The report comes as the parliamentary Treasury Committee launched an inquiry to find out why banking IT failures continue. It will also look at how consumers suffer as a result of IT outages and investigate whether financial services regulators have the skills needed to challenge companies over their IT.
The regulators in the UK have more of a challenge than counterparts in other jurisdictions because of the way software is developed.
Lev Lesokhin, senior vice-president strategy and analytics at Cast, which tests software quality, recently told Computer Weekly that research from the company has consistently shown the UK scores the lowest on all factors used to measure code and software health.

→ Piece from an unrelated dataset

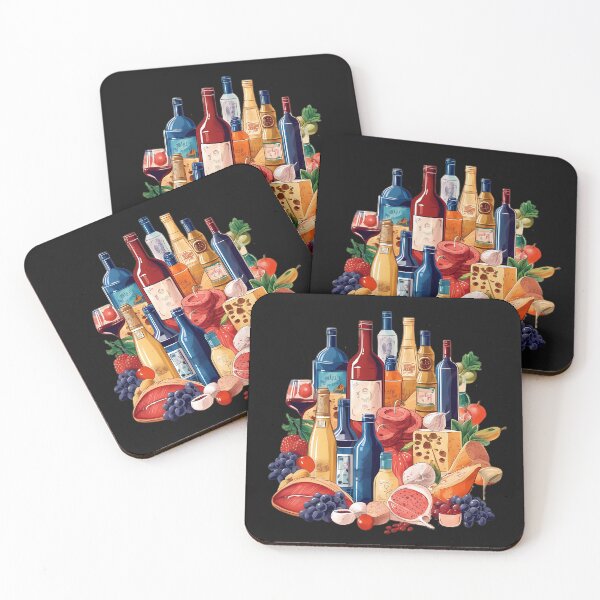 Item preview, Collage : Food and Drink designed and sold by MTJ-Mushrooms.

“The UK is behind the rest of Europe, the US and India in particular when it comes to the robustness, the transferability and the performance of the code. We have observed that the UK’s score is low compared with other countries when it comes to the changeability of the code. This means it is more difficult to change prevalent legacy software and modernise it to meet current standards,” he said.
He described some UK practices as “code-slinging cowboy DevOps”, which he believes disregards global industry standards. “This sheds some light as to why UK banks have such frequent IT glitches. However, it is only part of the explanation,” he added.
“The banking sector is particularly affected by glitches because of the amount of legacy systems. Banks have software piling on top of software, and the UK lacks the software intelligence to control their structural quality and the IT talent to fix them.”